If you live and die by status, if the name Harvard, Yale, Stanford or Penn must hang etched in sheepskin on your wall, then read no further. There is nothing we can do for you here. The demographic bulge of college-age students has made the journey to a top-tier campus the most arduous, angst-ridden an 18-year-old can make.


“If you decide that there's only one place to go to college and it's Harvard, you are setting yourself up for rejection,” says Barmak Nassirian, associate executive director for the American Association of Collegiate Registrars and Admissions Officers.


There are more than 2,500 four-year colleges and universities in the United States – an educational landscape unmatched anywhere in the world – yet only 25 or so of the usual suspects end up on high school seniors' lists. Higher education experts have this message for those squabbling over a handful of spots: you're probably not going to room with the next president anyway. Pay less attention to prestige and more to “fit” – the marriage of interests and comfort level with factors like campus size, access to professors, instruction philosophy. In their caliber of undergraduate teaching, many lesser-known campuses, in their opinion, are on equal or near-equal footing with brand-name universities, and in some ways are more three-dimensional.

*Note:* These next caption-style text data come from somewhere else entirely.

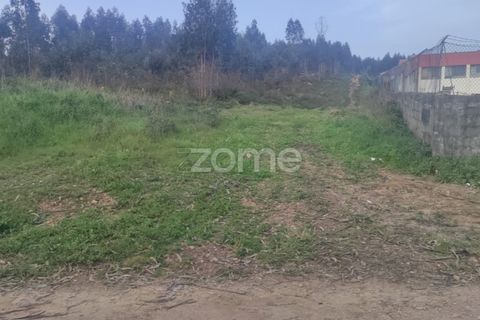 Helårsgrund i Trofa, Porto, Trofa - € 250.000 | Ref: ZMPT565769 - foto 6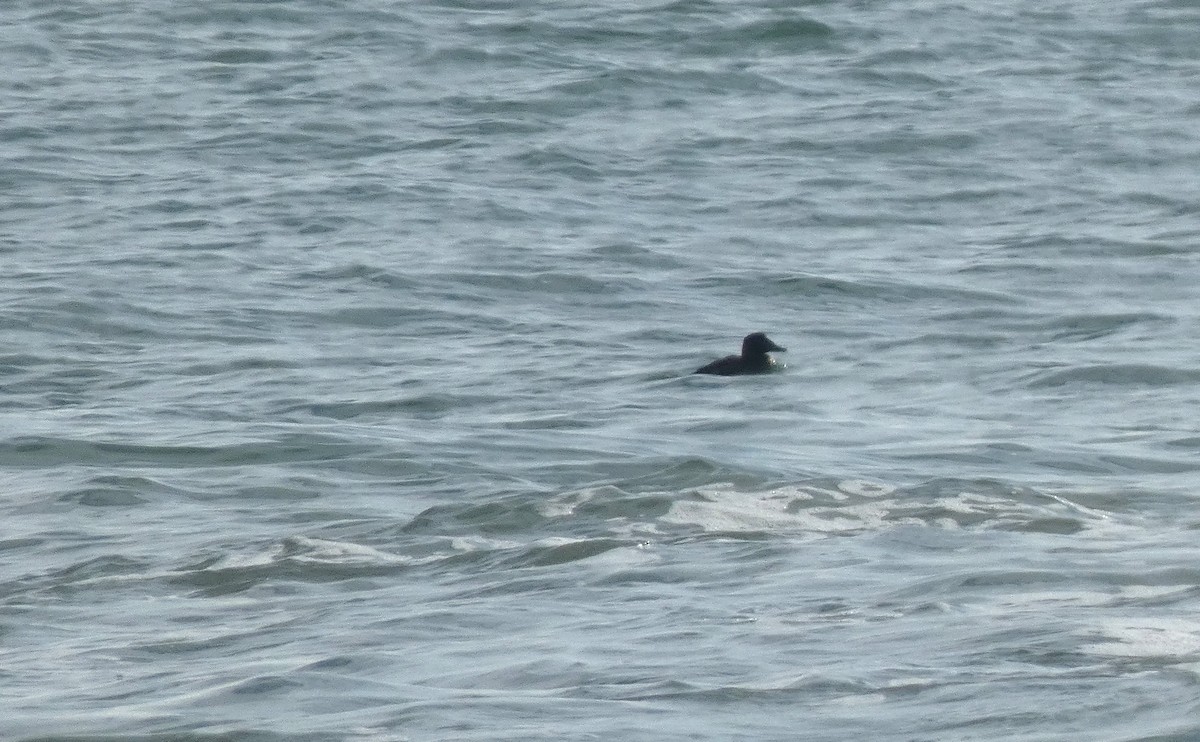 scoter sp. - ML646647839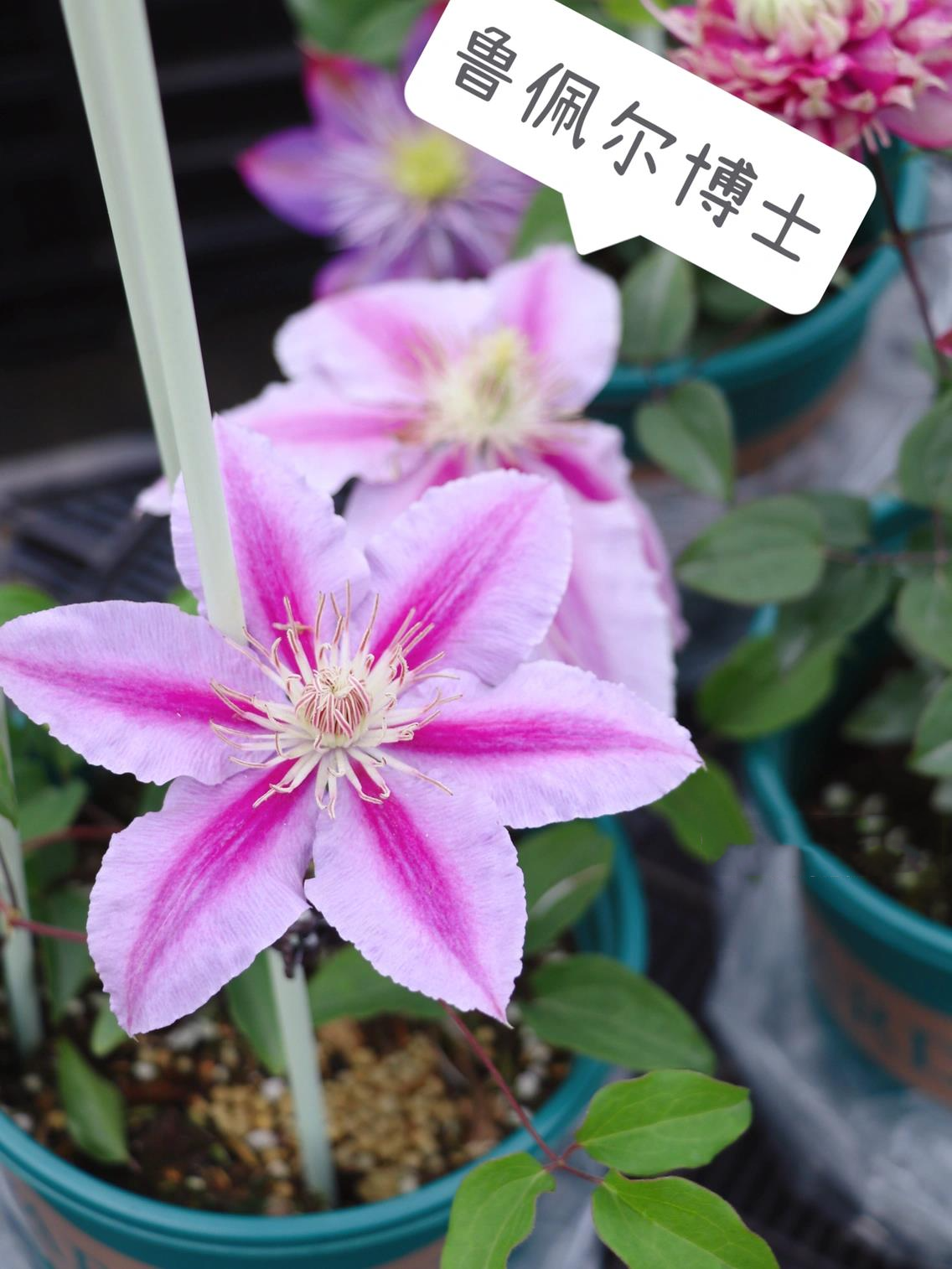 听说这几款铁线莲适合广东种植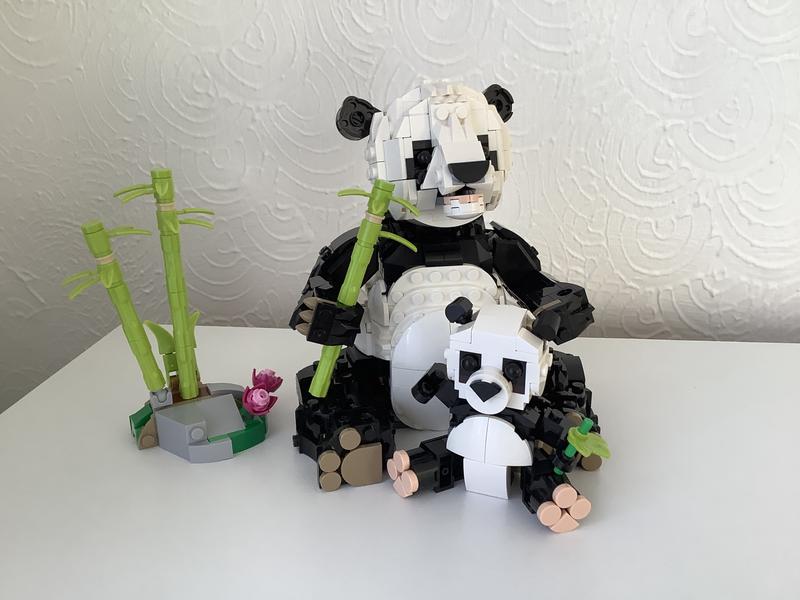 User generated review image 3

“My view is that there is a very modest to zero correlation between general academic prestige and the quality of undergraduate experience available to students,” says Lee S. Shulman, president of the Carnegie Foundation for the Advancement of Teaching. “Those seeking hidden gems are very wise, especially if they are committed to coming to a campus and becoming very active students, taking advantage of faculty office hours, undergrad research experiences and the like.”


Colleges, too, want a more prominent seat at the national admissions table, and have been building up campuses, luring new faculty members and trying to raise academic standards.


“The difference in faculty quality between institutions is much smaller than ever,” Mr. Shulman says, “and the opportunities for students in smaller, less prestigious institutions has never been greater.”


Mr. Nassirian agrees: “There are numerous institutions that may not be household names or have the resonance of the Ivies but offer superb and sometimes better undergraduate experiences. But people are mesmerized with the usual suspects.”


Even the notion that a prestige degree unlocks doors and leads to higher earnings has been challenged. A 1999 study by Alan B. Krueger of Princeton and Stacy Dale of the Andrew W. Mellon Foundation found that students who were admitted to both selective and moderately selective colleges earned the same no matter which they attended. The study suggested that the motivation and drive of the student mattered more than the college.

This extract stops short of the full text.